- What to work on -
Every line from the one with "Detail of goat-shaped" through the final line of the data below goes in the answer, copied exactly. Pictures do not.

[Captioned web image data]

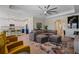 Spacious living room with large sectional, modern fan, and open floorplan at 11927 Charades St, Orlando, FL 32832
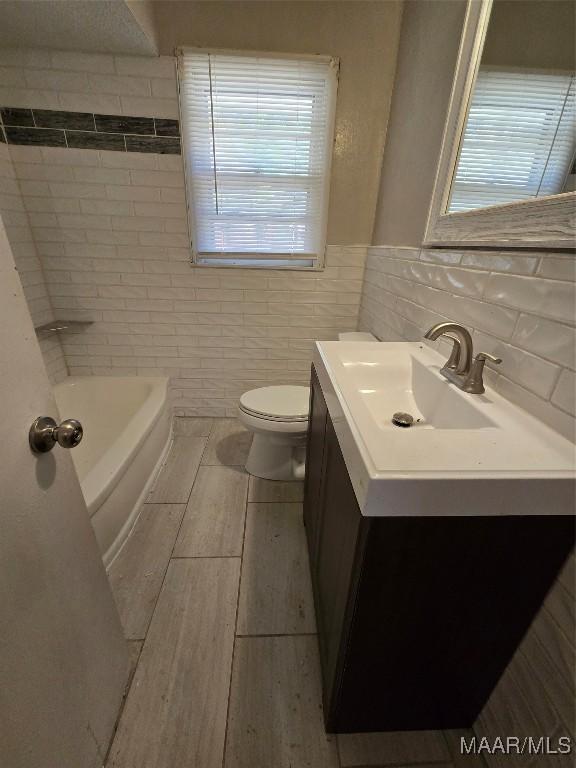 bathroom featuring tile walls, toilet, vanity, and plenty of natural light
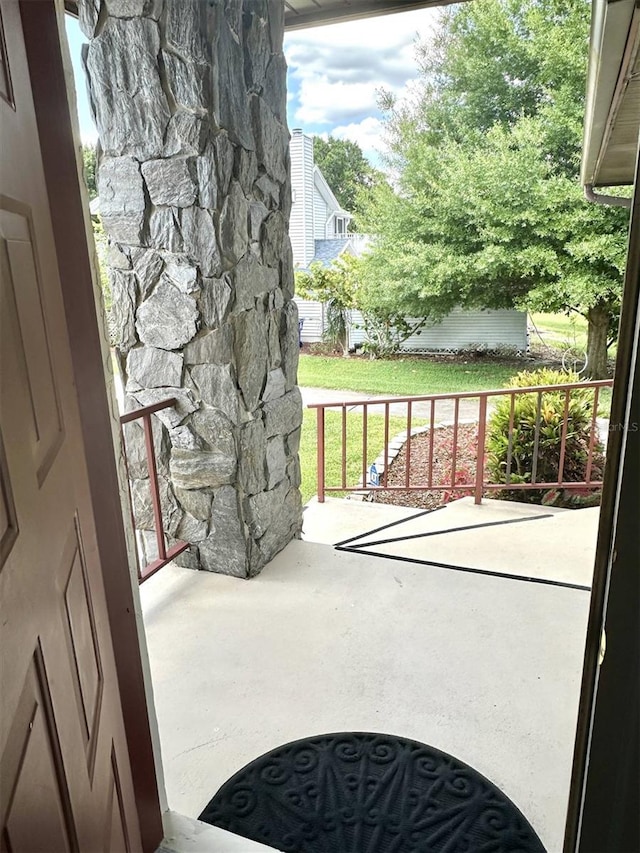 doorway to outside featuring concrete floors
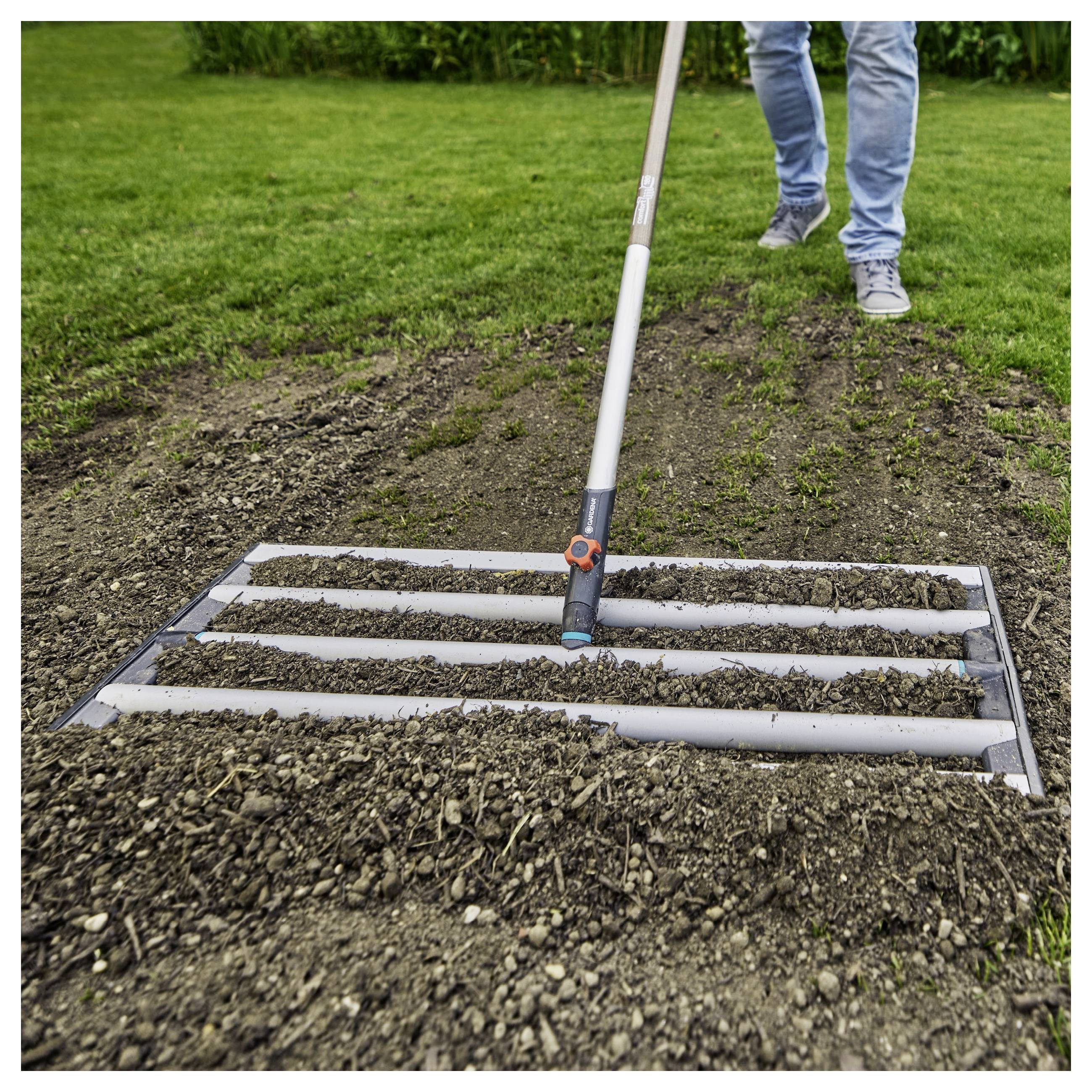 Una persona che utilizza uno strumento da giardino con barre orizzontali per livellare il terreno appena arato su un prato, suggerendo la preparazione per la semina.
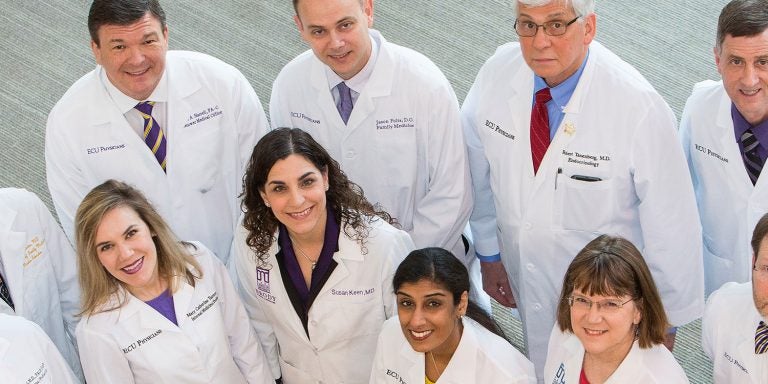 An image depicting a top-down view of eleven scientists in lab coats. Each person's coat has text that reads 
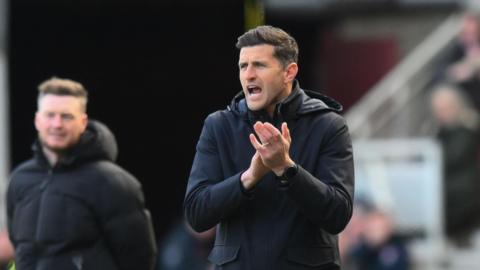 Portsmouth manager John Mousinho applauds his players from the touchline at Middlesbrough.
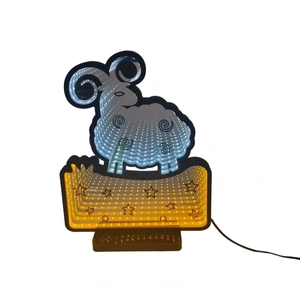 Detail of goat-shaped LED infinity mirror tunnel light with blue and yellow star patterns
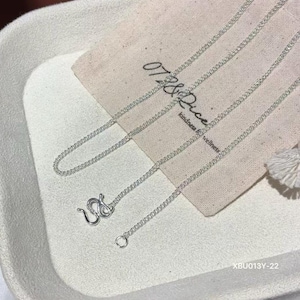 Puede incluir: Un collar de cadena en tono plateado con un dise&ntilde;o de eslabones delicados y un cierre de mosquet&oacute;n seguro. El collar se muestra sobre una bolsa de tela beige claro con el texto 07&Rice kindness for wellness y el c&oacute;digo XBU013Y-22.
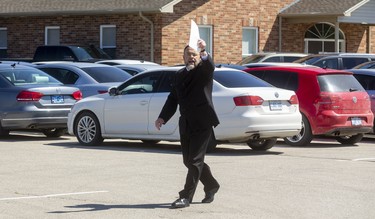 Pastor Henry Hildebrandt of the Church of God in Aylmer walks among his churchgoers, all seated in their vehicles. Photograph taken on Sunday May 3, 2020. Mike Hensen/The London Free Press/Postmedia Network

- Reply to the task -
 Detail of goat-shaped LED infinity mirror tunnel light with blue and yellow star patterns
 Puede incluir: Un collar de cadena en tono plateado con un dise&ntilde;o de eslabones delicados y un cierre de mosquet&oacute;n seguro. El collar se muestra sobre una bolsa de tela beige claro con el texto 07&Rice kindness for wellness y el c&oacute;digo XBU013Y-22.
 Pastor Henry Hildebrandt of the Church of God in Aylmer walks among his churchgoers, all seated in their vehicles. Photograph taken on Sunday May 3, 2020. Mike Hensen/The London Free Press/Postmedia Network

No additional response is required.